The organizers of Dumpling Warriors established a Facebook group and built an online community to share experiences and lift up important causes. Following the March 16 killing spree in Atlanta (eight people killed, including six Asian women, at three massage parlors), the Dumpling Warriors “reconnected in deeper ways, offered mutual support, organized activist efforts and ate a lot of dumplings to fuel their work,” Rev. Baughman said.
The Dumpling Warriors' mission is “an inclusive and affirming place for people of Asian descent to build community, create social change, celebrate heritage, amplify stories and eat all the dumplings.”
As a transplant from California, founding member Angela Uno said the number one thing she felt when she moved to Dallas was isolation.

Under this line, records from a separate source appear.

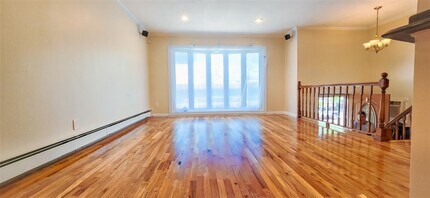 253-30-253149 149th Rd in Queens, NY - Building Photo - Building Photo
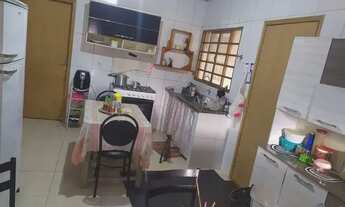 Imagem: Casa para venda tem 200 metros quadrados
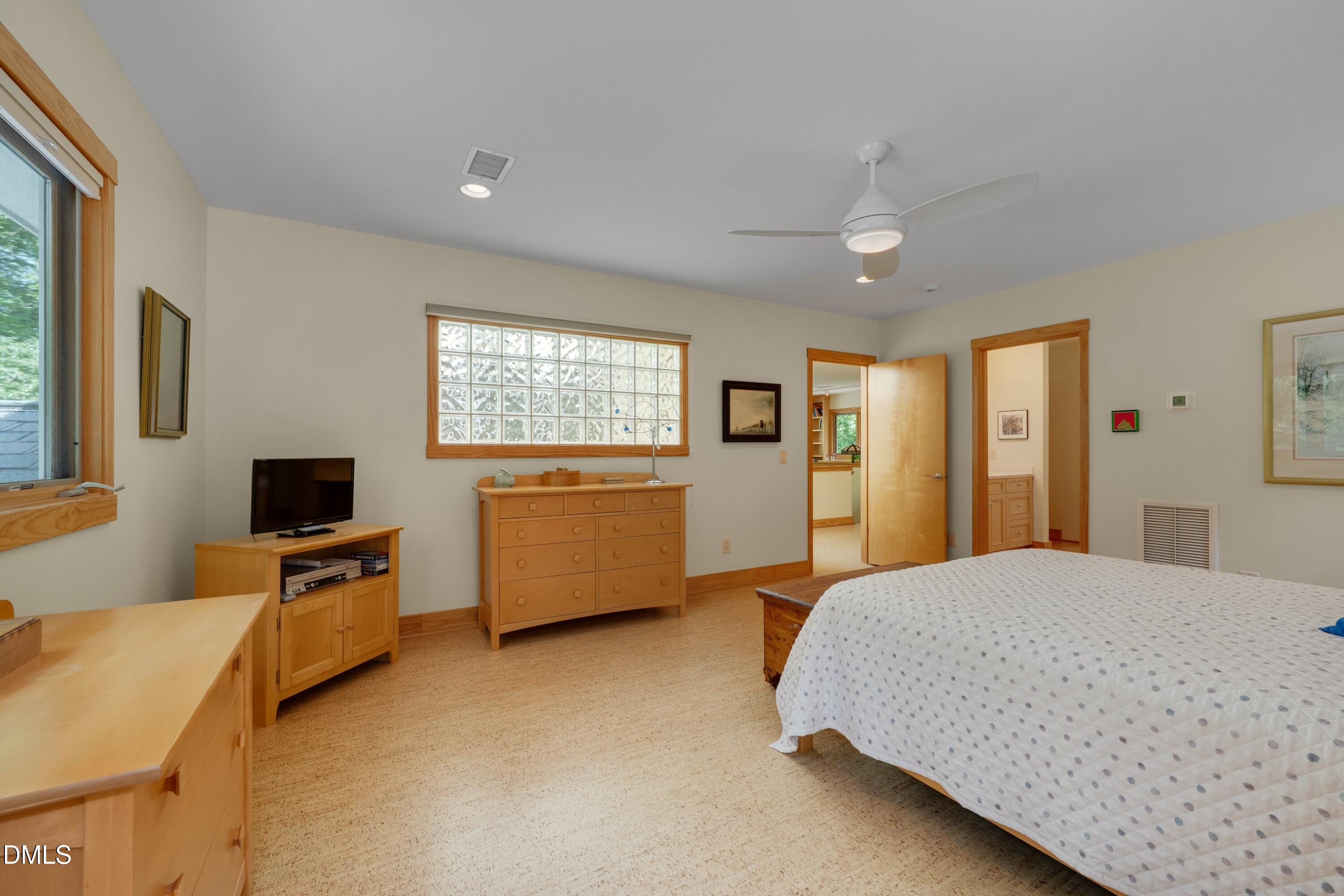 6625 Creek Wood Drive Chapel Hill NC 27514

“If you move to Dallas as a young person of Asian descent it’s hard to find a place to connect,” Uno said, “and we’ve been able to make a space for that.”
Uno, Baughman and other organizers recognized the need to support young Asian Americans in finding their voice and identifying with their heritage.

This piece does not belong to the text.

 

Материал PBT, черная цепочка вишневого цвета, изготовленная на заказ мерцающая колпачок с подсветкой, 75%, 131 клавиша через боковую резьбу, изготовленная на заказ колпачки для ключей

“There are few spaces for intentional AAPI community in Dallas and even fewer spaces for AAPI voices to be amplified,” Baughman said, so it was important for Union to place the AAPI experience center stage at their storytelling series this summer.
The Naked Stage hosted the first of several storytelling events focused on AAPI experiences on May 8. Seven speakers of AAPI descent told their stories with pride, vulnerability and humor as attendees relaxed on blankets and picnic tables spread across the Union lawn and sampled dumplings from local eatery Hello Dumpling.

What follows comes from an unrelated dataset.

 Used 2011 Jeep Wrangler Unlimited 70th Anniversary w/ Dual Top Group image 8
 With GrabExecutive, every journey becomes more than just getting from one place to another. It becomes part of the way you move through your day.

Rev. Danielle Kim, Associate Pastor of Custer Road UMC, found the evening inspiring.
“I am often surrounded by those who are not from my culture and identity and this opportunity to hear AAPI stories was incredibly affirming,” said Rev. Kim, who is of Korean descent. “It is powerful to be validated in one’s identity and feelings by those who have gone through similar experiences.”
One goal of Dumpling Warriors’ Naked Stage series is to amplify voices that are often silenced and to encourage visibility. Another hope is that non-AAPI audience members will gain a deeper understanding of Asian Americans so that they can be better friends, co-workers, family members and collaborators.
As anti-Asian discrimination and racially motivated violence increases, this is a critical time to ask what we in the North Texas Conference can learn from 56 Dumpling Warriors and their work. Uno said churches need to listen and open up space as initial steps to work toward racial healing and transformation. She shared that although she’s been a member of the community at Union for over six years, some of her closest friends there just discovered she speaks Japanese, which she sees as a core piece of her identity.
“I wonder if that happens in churches all around,” Uno said. “Are we listening to each other, finding things out about each other? It’s about listening, but it’s also about asking the right questions.”
Rev. Kim also emphasized the need for greater connections.
“We have many Korean United Methodist Churches in our Conference, along with many other faithful congregations with their diverse backgrounds,” Rev. Kim said. “I hope to see our Conference continue to actively engage in the work of racial justice and healing, and to continue to look for ways to equip our clergy and laity to do such important work as this.”